Problem:
Copy all records verbatim, images excluded.

Extracted data entries:
──────────────────────────────

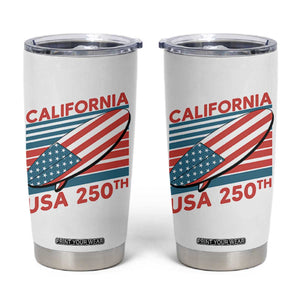 California USA 250th Anniversary Tumbler Cup US Semiquincentennial Patriotic Surfboard Graphic TS02 White Print Your Wear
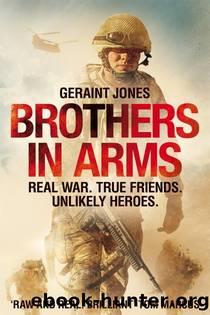Brothers in Arms: Real War. True Friends. Unlikely Heroes. by Geraint Jones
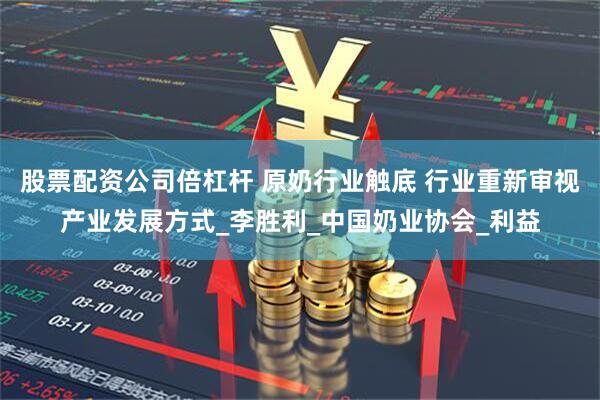 股票配资公司倍杠杆 原奶行业触底 行业重新审视产业发展方式_李胜利_中国奶业协会_利益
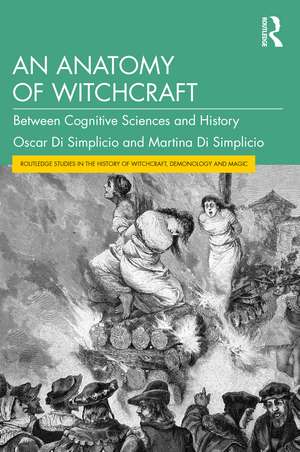 An Anatomy of Witchcraft: Between Cognitive Sciences and History de Oscar Di Simplicio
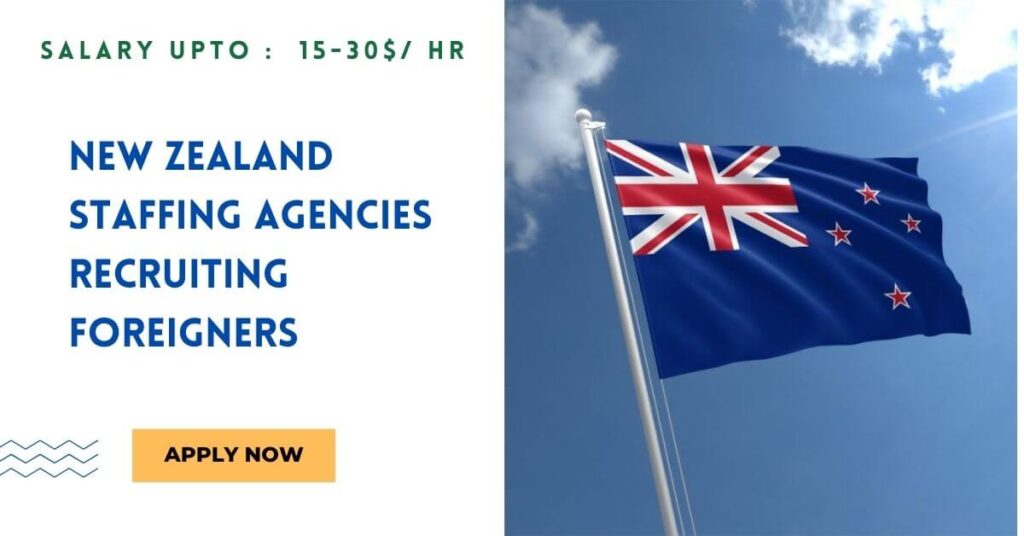New Zealand Staffing Agencies Recruiting Foreigners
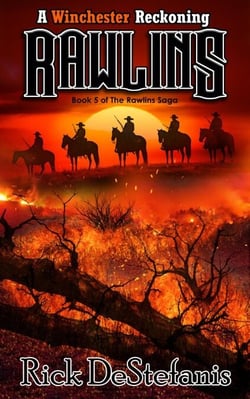 Rawlins, A Winchester Reckoning - The Rawlins Saga, #5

──────────────────────────────

Exercise result:
 California USA 250th Anniversary Tumbler Cup US Semiquincentennial Patriotic Surfboard Graphic TS02 White Print Your Wear
Brothers in Arms: Real War. True Friends. Unlikely Heroes. by Geraint Jones
 股票配资公司倍杠杆 原奶行业触底 行业重新审视产业发展方式_李胜利_中国奶业协会_利益
 An Anatomy of Witchcraft: Between Cognitive Sciences and History de Oscar Di Simplicio
New Zealand Staffing Agencies Recruiting Foreigners
 Rawlins, A Winchester Reckoning - The Rawlins Saga, #5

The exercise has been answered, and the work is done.